**Exercise description:** Your response should contain exactly the lines running from the one with "This will ensure" to the end of the data below, both included, and no pictures.

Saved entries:

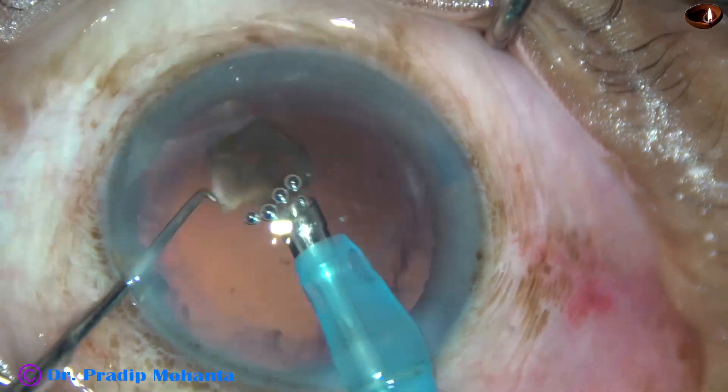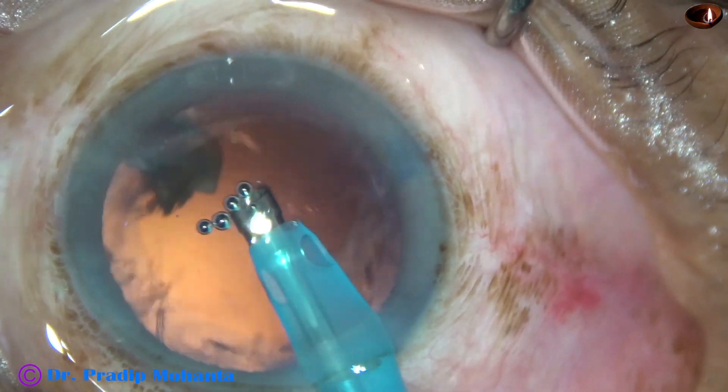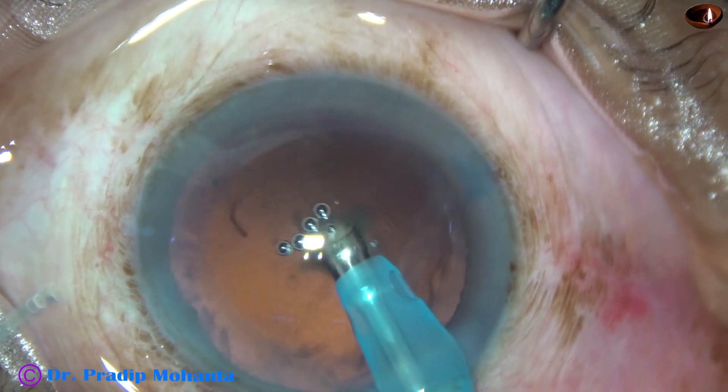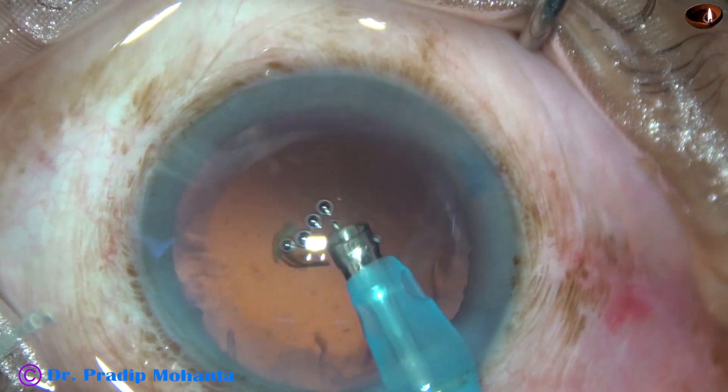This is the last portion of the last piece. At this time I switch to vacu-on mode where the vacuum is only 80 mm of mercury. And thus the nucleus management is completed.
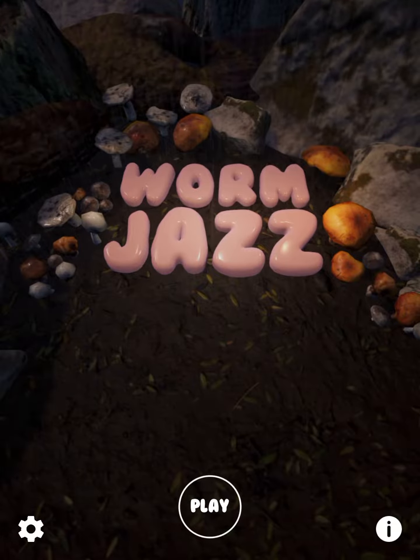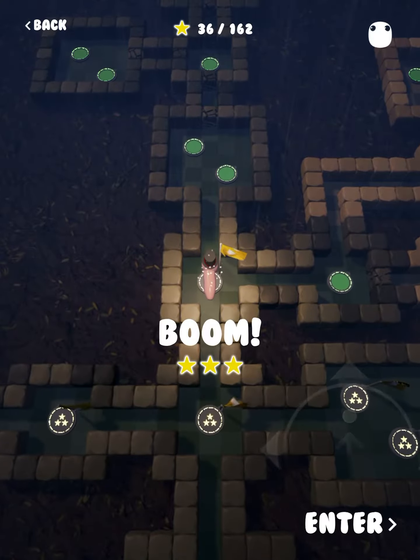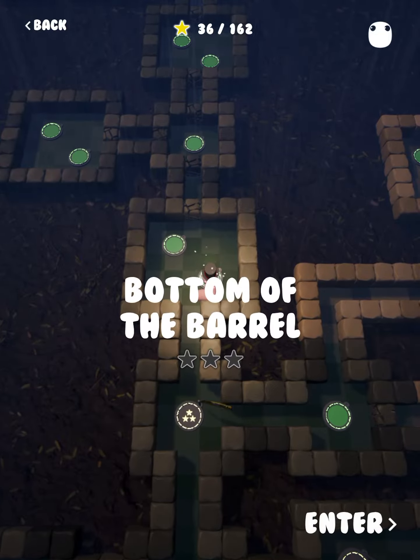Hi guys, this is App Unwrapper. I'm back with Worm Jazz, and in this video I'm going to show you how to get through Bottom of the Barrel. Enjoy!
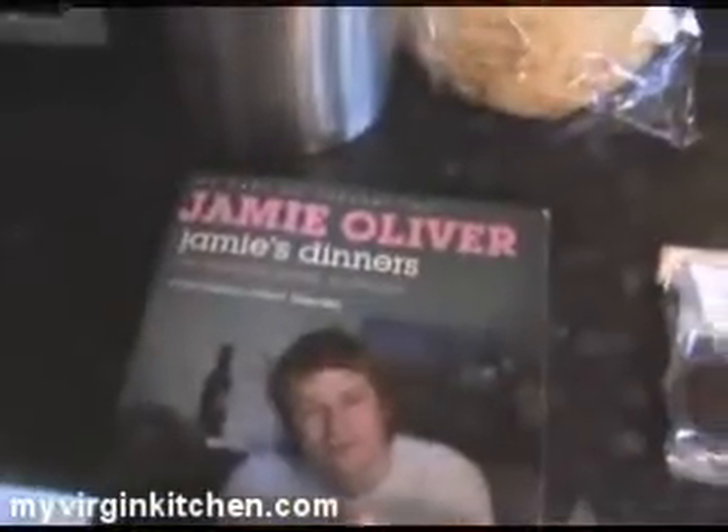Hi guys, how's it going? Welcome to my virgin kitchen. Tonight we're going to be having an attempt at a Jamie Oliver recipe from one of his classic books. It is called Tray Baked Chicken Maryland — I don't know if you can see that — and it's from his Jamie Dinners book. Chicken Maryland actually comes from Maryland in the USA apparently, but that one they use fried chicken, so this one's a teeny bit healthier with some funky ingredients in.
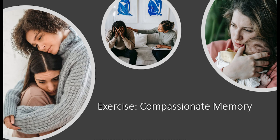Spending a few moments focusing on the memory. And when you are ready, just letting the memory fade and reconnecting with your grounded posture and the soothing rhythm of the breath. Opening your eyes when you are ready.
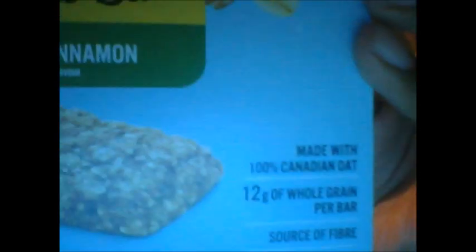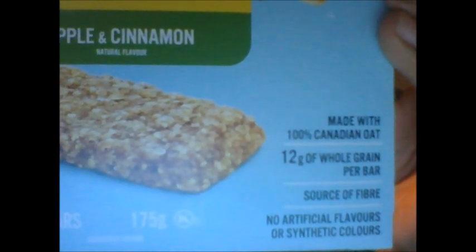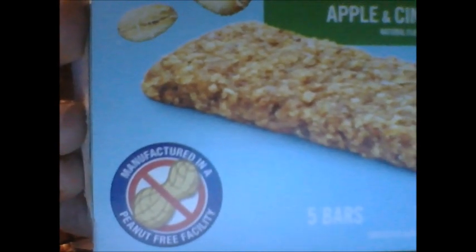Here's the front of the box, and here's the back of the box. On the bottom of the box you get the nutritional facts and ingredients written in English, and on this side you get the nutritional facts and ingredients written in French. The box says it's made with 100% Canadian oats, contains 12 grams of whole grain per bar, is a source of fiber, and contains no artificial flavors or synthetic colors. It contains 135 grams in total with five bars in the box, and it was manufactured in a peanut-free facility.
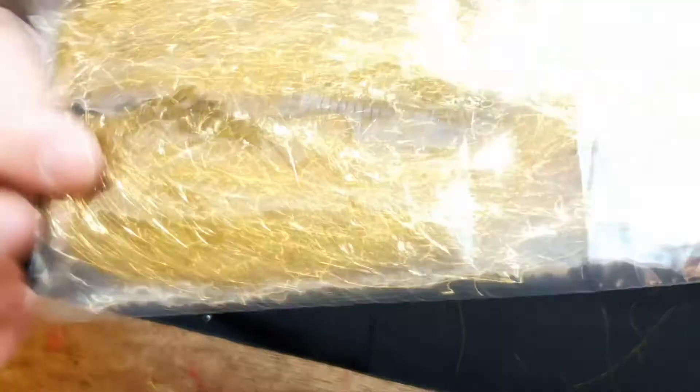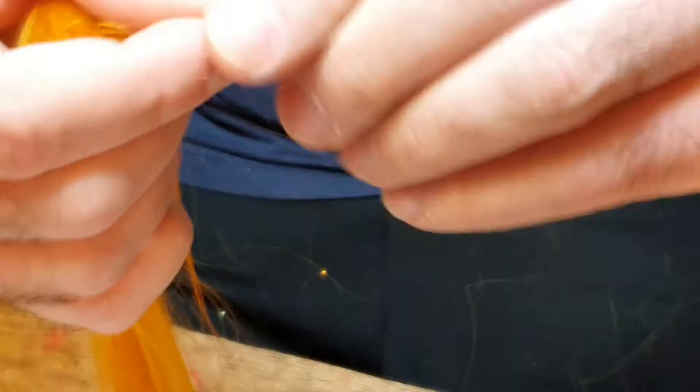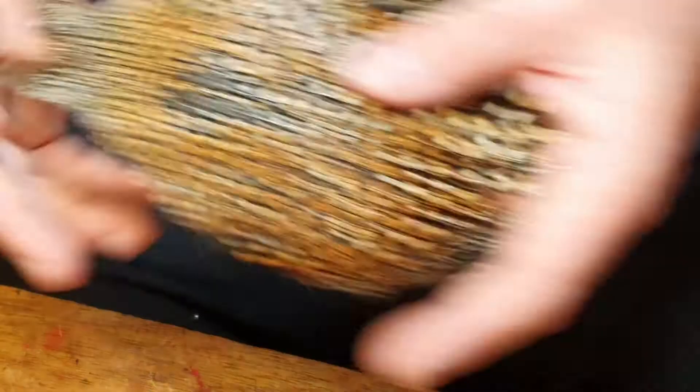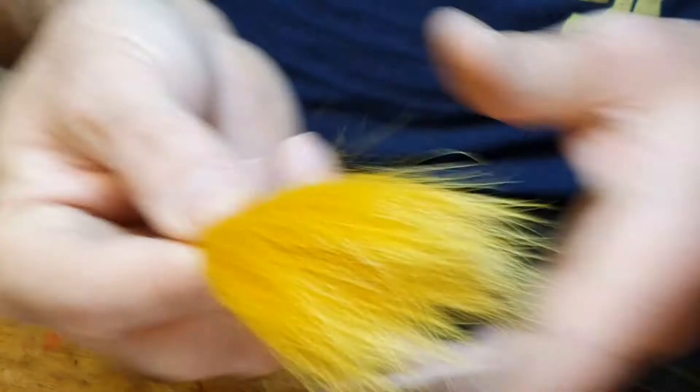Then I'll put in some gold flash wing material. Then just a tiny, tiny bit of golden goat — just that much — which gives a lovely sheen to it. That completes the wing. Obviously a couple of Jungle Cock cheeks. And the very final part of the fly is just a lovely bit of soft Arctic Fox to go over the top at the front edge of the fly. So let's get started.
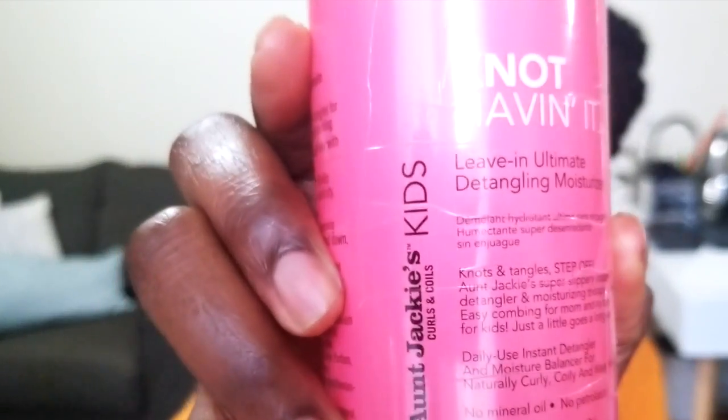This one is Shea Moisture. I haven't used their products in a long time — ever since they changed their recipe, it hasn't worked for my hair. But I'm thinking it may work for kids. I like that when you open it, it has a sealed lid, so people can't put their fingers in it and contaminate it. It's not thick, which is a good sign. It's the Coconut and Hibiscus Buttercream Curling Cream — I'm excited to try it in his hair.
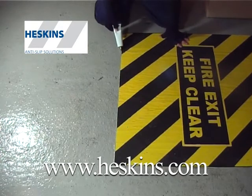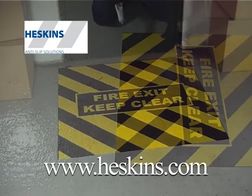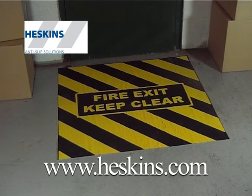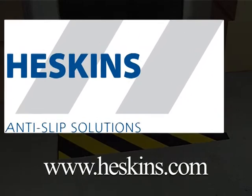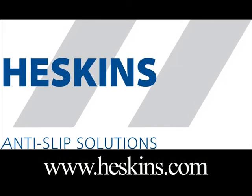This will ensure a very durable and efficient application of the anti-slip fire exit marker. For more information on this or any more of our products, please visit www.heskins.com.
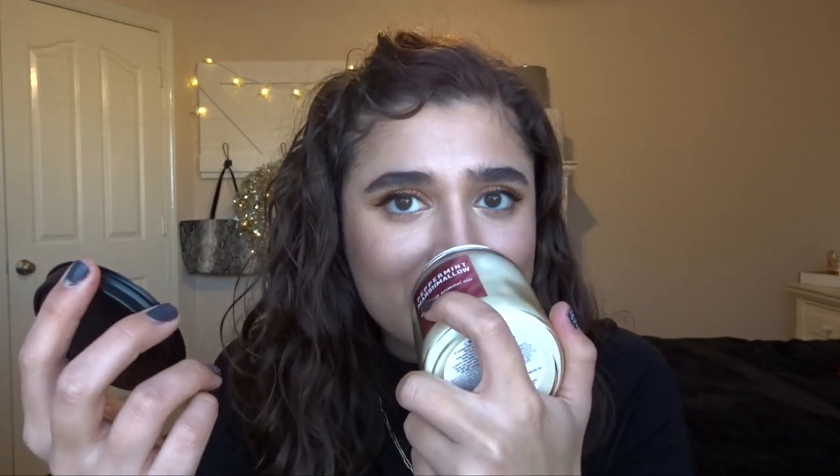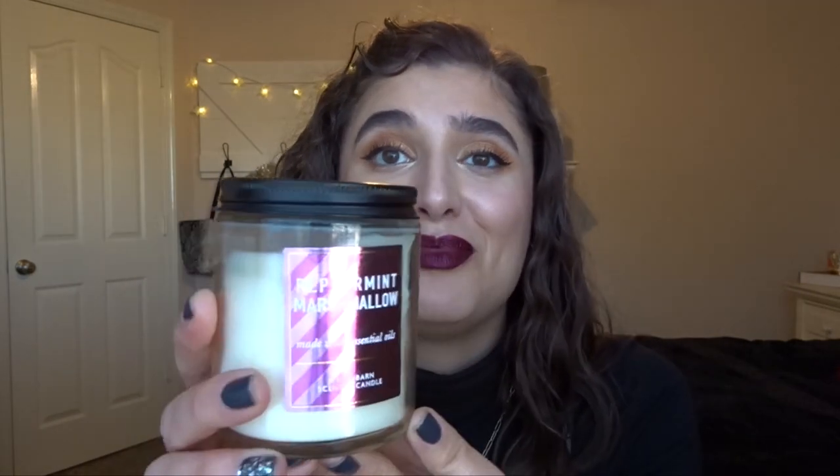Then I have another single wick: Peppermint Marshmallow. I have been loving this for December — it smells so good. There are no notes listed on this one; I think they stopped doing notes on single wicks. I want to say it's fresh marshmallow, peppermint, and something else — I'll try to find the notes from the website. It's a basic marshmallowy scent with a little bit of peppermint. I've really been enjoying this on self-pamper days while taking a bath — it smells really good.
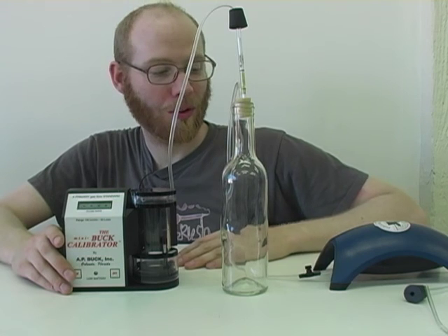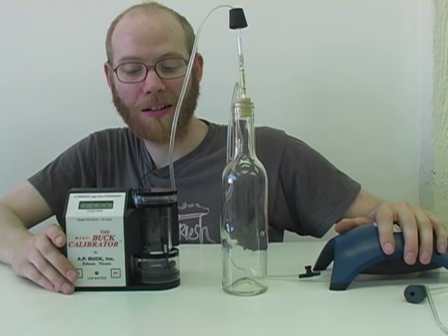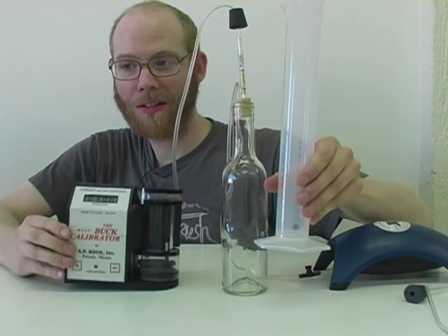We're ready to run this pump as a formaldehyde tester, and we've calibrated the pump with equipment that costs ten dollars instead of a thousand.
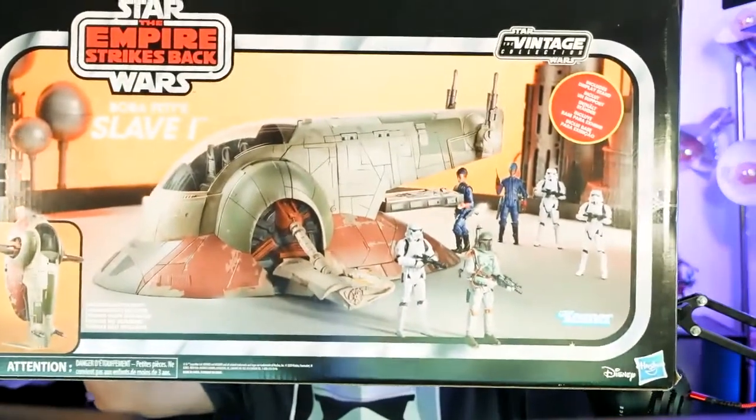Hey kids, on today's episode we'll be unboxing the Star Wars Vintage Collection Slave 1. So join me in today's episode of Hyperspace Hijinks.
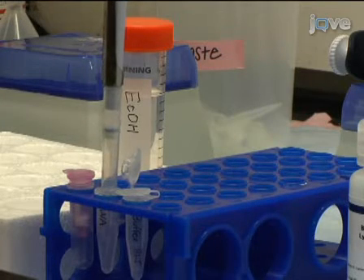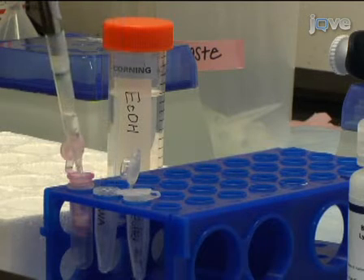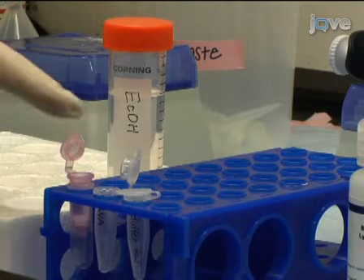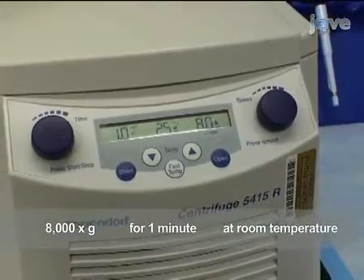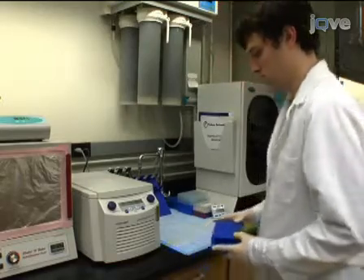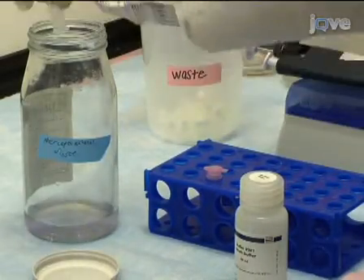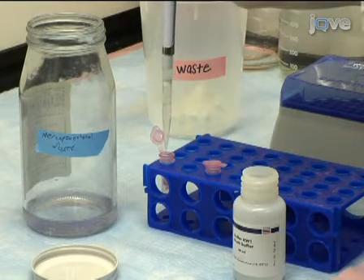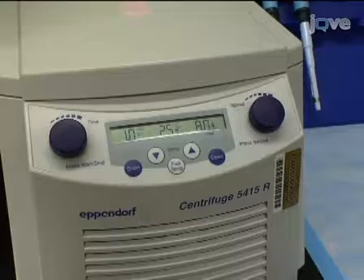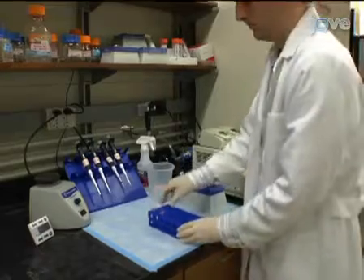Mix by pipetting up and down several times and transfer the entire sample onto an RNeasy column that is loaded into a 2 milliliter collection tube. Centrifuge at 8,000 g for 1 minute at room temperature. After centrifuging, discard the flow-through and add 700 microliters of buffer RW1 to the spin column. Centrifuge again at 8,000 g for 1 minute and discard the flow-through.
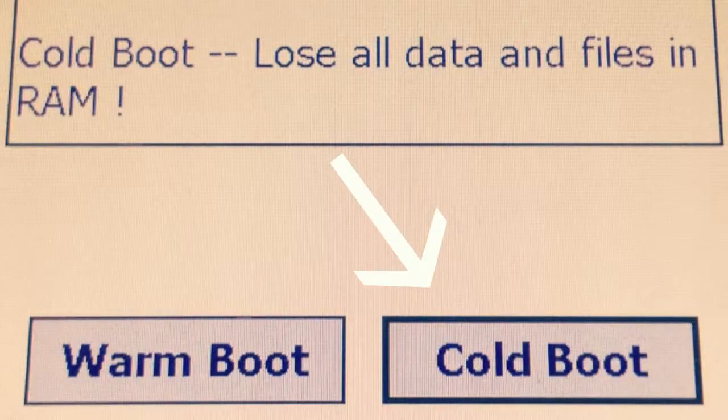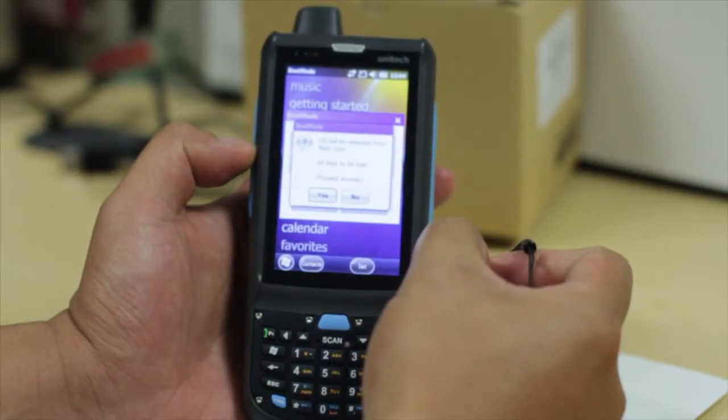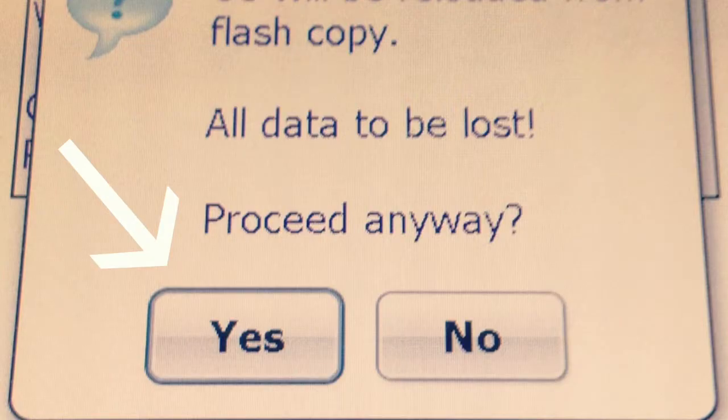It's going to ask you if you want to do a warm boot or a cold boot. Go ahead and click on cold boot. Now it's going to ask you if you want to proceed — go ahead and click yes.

**Expected output:**
This will ensure a very durable and efficient application of the anti-slip fire exit marker. For more information on this or any more of our products, please visit www.heskins.com.
Then I have another single wick: Peppermint Marshmallow. I have been loving this for December — it smells so good. There are no notes listed on this one; I think they stopped doing notes on single wicks. I want to say it's fresh marshmallow, peppermint, and something else — I'll try to find the notes from the website. It's a basic marshmallowy scent with a little bit of peppermint. I've really been enjoying this on self-pamper days while taking a bath — it smells really good.
We're ready to run this pump as a formaldehyde tester, and we've calibrated the pump with equipment that costs ten dollars instead of a thousand.
Hey kids, on today's episode we'll be unboxing the Star Wars Vintage Collection Slave 1. So join me in today's episode of Hyperspace Hijinks.
Mix by pipetting up and down several times and transfer the entire sample onto an RNeasy column that is loaded into a 2 milliliter collection tube. Centrifuge at 8,000 g for 1 minute at room temperature. After centrifuging, discard the flow-through and add 700 microliters of buffer RW1 to the spin column. Centrifuge again at 8,000 g for 1 minute and discard the flow-through.
It's going to ask you if you want to do a warm boot or a cold boot. Go ahead and click on cold boot. Now it's going to ask you if you want to proceed — go ahead and click yes.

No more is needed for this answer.